Si anteponemos nuestra obediencia y nuestras obras en lugar de la obediencia de Cristo a la ley, y si no tomamos en cuenta su sacrificio en la Cruz jamás lograremos escapar de la justicia divina y del castigo eterno, porque nada que nosotros hagamos nos alcanza para agradar a Dios, a menos que confiemos en Cristo, y que creamos que él es nuestro salvador.
“Porque ignorando la justicia de Dios, y procurando establecer la suya propia, no se han sujetado a la justicia de Dios; porque el fin de la ley es Cristo, para justicia a todo aquel que cree.”
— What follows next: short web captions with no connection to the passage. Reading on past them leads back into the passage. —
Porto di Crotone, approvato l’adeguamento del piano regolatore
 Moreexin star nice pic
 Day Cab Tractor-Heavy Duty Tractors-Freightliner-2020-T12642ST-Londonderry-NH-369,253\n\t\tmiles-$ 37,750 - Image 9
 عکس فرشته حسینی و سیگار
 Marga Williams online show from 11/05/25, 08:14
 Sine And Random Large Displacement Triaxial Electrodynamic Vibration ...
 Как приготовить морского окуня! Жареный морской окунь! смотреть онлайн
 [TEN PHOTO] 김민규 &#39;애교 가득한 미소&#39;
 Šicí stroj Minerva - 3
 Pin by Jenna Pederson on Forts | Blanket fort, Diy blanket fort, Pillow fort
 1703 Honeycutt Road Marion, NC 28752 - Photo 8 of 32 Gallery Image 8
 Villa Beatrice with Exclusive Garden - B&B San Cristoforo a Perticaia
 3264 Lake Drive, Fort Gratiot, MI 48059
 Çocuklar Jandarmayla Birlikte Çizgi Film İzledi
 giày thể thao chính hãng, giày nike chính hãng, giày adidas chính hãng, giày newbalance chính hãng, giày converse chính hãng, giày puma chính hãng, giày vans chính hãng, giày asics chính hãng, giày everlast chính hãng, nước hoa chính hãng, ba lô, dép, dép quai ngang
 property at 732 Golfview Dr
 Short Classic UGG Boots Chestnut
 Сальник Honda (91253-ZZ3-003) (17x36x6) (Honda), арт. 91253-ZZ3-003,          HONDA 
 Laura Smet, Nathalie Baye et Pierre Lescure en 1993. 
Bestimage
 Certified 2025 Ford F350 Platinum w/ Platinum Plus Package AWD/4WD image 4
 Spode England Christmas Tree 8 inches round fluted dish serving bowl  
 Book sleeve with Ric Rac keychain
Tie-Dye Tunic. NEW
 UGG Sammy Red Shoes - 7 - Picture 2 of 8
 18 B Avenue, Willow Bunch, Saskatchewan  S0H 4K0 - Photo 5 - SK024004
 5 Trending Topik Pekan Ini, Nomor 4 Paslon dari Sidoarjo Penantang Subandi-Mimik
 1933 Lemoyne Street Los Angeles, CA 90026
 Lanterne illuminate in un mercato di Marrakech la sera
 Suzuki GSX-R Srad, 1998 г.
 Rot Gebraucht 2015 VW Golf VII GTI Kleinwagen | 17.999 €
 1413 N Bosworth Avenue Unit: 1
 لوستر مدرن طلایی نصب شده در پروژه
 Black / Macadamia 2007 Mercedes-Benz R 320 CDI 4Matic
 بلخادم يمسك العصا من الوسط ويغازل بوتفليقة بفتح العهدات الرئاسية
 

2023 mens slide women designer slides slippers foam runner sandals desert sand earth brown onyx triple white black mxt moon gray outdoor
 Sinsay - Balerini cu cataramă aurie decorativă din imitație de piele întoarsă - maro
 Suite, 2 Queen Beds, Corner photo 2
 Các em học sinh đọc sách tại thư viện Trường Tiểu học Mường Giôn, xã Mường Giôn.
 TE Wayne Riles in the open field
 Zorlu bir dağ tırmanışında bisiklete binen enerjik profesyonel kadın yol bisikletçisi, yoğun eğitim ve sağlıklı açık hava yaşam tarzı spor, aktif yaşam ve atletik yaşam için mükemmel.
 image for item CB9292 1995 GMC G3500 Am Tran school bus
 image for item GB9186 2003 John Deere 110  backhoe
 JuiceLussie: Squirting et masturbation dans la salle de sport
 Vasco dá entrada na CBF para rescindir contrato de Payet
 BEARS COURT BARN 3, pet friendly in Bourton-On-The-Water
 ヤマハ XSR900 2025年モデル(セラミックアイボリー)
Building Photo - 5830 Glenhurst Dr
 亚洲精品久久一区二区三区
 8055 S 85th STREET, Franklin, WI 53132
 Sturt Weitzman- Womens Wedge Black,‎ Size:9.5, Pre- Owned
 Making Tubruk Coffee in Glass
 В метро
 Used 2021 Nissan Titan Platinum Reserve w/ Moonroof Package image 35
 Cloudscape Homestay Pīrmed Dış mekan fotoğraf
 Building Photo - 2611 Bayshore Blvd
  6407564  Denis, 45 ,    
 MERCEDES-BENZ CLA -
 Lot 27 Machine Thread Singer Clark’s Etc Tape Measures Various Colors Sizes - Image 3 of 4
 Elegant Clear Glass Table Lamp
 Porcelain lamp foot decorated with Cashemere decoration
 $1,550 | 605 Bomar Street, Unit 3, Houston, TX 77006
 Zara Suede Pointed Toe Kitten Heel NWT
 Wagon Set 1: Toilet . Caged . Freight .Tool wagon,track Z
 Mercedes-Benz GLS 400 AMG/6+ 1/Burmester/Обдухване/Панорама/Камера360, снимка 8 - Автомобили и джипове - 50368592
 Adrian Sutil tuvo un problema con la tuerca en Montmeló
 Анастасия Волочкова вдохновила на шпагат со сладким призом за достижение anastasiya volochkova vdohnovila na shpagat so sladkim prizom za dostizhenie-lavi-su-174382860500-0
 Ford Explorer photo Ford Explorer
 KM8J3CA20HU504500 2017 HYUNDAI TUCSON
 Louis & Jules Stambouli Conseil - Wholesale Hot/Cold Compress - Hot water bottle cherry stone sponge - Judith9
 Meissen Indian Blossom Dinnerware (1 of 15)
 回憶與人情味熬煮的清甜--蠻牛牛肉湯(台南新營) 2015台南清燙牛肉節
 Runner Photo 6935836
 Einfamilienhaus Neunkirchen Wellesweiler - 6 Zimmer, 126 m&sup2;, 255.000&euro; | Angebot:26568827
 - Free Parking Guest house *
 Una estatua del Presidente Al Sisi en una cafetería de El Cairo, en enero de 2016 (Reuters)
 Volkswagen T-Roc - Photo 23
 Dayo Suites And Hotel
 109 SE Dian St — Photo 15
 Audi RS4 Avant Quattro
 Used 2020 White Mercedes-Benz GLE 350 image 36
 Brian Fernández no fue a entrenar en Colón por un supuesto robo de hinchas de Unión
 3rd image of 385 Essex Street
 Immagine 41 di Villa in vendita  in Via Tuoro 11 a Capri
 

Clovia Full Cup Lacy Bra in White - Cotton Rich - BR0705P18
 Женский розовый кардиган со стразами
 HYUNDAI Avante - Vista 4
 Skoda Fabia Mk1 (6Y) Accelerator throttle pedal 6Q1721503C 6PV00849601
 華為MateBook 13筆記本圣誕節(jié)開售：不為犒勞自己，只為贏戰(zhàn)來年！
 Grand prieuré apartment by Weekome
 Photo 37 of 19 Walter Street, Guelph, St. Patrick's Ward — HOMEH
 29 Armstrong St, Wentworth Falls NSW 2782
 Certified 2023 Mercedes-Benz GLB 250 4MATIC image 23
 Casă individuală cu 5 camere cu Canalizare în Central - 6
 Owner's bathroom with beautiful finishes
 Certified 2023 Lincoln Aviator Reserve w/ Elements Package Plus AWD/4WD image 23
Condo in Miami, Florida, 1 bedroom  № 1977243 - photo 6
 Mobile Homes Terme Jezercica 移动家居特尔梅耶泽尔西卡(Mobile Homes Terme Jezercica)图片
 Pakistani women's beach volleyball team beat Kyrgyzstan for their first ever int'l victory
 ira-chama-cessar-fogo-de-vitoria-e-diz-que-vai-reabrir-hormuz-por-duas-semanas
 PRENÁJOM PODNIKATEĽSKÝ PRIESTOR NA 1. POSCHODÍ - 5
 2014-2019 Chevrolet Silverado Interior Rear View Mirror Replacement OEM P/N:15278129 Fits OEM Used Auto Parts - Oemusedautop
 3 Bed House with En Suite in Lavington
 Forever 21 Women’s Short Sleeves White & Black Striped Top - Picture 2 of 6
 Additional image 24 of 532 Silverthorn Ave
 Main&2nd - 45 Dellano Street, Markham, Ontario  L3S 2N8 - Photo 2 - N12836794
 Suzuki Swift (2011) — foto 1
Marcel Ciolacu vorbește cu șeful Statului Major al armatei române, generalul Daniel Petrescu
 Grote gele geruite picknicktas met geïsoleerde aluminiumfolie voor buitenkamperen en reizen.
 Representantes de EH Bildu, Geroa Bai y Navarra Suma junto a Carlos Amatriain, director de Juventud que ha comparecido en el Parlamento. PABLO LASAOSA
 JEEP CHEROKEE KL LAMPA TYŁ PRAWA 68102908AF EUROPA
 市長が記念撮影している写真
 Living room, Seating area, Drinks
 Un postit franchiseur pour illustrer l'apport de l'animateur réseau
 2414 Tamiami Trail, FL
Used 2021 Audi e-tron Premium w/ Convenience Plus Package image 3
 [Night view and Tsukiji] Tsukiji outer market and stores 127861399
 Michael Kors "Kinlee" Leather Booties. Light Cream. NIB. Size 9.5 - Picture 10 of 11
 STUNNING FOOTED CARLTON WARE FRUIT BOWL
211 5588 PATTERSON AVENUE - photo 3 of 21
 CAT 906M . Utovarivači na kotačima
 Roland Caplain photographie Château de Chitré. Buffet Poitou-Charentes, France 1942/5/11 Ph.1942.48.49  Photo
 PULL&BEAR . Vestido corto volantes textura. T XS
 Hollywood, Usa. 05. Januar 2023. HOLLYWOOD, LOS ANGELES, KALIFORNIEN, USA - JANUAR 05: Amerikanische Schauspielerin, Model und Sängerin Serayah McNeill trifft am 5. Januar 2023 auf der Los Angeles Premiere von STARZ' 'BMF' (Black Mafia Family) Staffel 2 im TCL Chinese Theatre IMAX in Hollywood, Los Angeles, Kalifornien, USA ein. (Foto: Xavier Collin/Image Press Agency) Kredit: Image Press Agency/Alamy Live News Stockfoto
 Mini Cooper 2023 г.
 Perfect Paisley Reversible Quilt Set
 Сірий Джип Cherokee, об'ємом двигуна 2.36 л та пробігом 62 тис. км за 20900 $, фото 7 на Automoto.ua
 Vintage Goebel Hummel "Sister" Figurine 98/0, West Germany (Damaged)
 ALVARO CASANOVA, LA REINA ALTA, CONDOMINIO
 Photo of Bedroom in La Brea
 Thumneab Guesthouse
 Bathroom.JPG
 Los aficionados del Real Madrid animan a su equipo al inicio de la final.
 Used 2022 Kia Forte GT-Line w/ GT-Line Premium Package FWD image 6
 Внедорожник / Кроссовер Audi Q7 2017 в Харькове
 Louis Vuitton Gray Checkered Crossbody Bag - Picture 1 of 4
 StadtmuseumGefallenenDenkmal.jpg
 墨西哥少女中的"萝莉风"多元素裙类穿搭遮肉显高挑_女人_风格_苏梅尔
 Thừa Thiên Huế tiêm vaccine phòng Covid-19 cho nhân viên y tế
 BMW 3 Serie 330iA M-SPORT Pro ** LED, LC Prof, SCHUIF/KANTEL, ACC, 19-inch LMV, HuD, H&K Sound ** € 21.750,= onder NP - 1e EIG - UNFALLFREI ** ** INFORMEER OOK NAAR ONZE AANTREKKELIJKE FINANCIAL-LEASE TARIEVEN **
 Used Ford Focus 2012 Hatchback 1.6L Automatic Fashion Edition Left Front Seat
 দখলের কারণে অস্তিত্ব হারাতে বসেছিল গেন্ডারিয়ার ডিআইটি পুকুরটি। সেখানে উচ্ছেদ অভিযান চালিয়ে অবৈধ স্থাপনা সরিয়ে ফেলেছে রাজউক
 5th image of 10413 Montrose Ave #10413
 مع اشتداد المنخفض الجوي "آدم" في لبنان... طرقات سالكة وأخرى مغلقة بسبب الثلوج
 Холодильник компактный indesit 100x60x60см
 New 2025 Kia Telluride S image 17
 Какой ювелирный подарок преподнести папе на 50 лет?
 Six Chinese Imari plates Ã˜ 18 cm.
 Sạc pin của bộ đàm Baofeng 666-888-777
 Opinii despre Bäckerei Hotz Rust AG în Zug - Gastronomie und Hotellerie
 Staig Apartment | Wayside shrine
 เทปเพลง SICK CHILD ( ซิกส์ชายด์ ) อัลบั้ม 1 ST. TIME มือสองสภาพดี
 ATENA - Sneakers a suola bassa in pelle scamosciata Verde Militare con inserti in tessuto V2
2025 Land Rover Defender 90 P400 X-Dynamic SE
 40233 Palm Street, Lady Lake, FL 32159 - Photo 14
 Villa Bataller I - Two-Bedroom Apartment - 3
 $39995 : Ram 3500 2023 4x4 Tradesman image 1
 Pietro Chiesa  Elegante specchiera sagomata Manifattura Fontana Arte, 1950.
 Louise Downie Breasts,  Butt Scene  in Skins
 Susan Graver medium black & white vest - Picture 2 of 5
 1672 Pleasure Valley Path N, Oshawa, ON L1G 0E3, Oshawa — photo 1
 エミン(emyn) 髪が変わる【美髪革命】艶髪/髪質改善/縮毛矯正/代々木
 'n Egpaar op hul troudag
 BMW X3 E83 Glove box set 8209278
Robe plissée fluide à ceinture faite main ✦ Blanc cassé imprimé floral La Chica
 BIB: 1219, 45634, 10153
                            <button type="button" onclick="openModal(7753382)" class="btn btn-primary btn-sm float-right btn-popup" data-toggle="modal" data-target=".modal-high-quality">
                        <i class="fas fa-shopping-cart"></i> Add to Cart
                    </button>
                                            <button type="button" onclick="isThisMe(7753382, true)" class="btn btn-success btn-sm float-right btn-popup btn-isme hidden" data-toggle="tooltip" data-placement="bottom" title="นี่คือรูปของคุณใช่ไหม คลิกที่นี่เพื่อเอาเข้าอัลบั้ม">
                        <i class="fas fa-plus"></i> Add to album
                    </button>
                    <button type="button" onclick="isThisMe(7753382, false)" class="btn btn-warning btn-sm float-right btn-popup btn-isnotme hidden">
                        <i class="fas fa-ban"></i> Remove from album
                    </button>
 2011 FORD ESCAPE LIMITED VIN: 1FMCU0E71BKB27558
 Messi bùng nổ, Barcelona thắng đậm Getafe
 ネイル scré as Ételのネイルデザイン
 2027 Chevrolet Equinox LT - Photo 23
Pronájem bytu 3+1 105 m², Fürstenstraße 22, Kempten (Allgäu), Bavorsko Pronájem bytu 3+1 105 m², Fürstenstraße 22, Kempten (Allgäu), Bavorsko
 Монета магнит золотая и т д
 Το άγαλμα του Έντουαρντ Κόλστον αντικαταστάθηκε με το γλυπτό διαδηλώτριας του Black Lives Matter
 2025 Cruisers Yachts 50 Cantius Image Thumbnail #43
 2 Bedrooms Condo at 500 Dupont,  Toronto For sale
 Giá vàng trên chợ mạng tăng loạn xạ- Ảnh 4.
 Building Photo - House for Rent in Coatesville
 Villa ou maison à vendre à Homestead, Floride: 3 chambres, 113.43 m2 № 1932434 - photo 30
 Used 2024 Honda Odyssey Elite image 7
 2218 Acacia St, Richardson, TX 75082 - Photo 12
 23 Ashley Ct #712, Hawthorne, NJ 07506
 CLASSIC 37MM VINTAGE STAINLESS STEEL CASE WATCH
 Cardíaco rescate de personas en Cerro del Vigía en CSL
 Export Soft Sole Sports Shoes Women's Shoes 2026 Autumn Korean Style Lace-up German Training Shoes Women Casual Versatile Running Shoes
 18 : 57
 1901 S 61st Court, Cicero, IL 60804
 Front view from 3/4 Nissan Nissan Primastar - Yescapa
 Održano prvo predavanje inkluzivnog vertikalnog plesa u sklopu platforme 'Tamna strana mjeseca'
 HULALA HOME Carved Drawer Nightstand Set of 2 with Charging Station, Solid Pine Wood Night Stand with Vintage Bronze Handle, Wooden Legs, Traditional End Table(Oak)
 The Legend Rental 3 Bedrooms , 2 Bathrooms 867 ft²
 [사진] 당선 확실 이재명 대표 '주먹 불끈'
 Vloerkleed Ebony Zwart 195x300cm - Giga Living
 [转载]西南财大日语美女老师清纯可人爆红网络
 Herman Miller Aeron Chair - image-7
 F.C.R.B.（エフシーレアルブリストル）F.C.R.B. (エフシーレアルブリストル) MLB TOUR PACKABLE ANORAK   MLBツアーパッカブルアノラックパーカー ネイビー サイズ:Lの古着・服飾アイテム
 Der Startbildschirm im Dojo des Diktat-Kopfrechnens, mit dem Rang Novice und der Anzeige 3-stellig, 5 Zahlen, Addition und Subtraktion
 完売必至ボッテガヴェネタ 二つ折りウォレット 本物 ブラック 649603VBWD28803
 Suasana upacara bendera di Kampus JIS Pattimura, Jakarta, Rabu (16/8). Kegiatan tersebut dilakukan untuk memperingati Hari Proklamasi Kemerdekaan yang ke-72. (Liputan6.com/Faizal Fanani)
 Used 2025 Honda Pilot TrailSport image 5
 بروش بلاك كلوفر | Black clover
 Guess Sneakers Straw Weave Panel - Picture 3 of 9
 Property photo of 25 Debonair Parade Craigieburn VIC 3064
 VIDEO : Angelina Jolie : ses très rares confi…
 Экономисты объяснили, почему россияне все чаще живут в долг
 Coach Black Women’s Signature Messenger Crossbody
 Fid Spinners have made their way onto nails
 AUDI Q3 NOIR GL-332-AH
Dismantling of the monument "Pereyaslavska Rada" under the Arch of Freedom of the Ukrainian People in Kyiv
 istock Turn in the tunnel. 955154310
Todas las promesas que Dios nos hace son admirables y todos los beneficios espirituales y materiales siempre nos causan asombro, porque nada de esto nos merecemos, sin embargo, Dios se esmera por complacernos, de tal modo, que su misericordia y amor rebasan lo que podemos pedir y anhelar. Nada de esto es porque sin medio alguno logremos complacer a Dios, sino porque en realidad, Cristo es nuestro mediador, por el que disfrutamos salvación eterna y por el que todos los días Dios nos muestra sus bondades.Nada recibimos por guardar la ley de Dios, sino por ser receptores de la gracia en Cristo, la ley nos hizo ver nuestra incapacidad para responder a Dios como él lo merece, y tal como lo demanda. Por eso es por lo que, en la ley, y en los profetas siempre se nos anunció la promesa del salvador como la buena noticia y la esperanza para nuestra vida.Por la obediencia de Cristo a la justicia de Dios somos salvos; Cristo cargó con nuestras maldades y puso en nosotros su obediencia para que Dios nos mira con agrado y no tomara en cuenta así nuestras maldades para condenación eterna, sino para que nos diera la vida y el gozo eternos del perdón.La ley siempre marcó que, solo el que la obedeciera viviría, por lo tanto, la muerte alcanzaría al desobediente. Ninguno de nosotros es capaz de obedecer tan altas exigencias, por eso Cristo murió como el peor de los malhechores, porque tomó nuestro lugar, y con ello logró que nosotros hoy tengamos un lugar ante el Padre celestial. Así que, somos salvos no por nuestras obras por la ley, sino por nuestra fe en Cristo, en quien somos justificados ante Dios para perdón de pecados.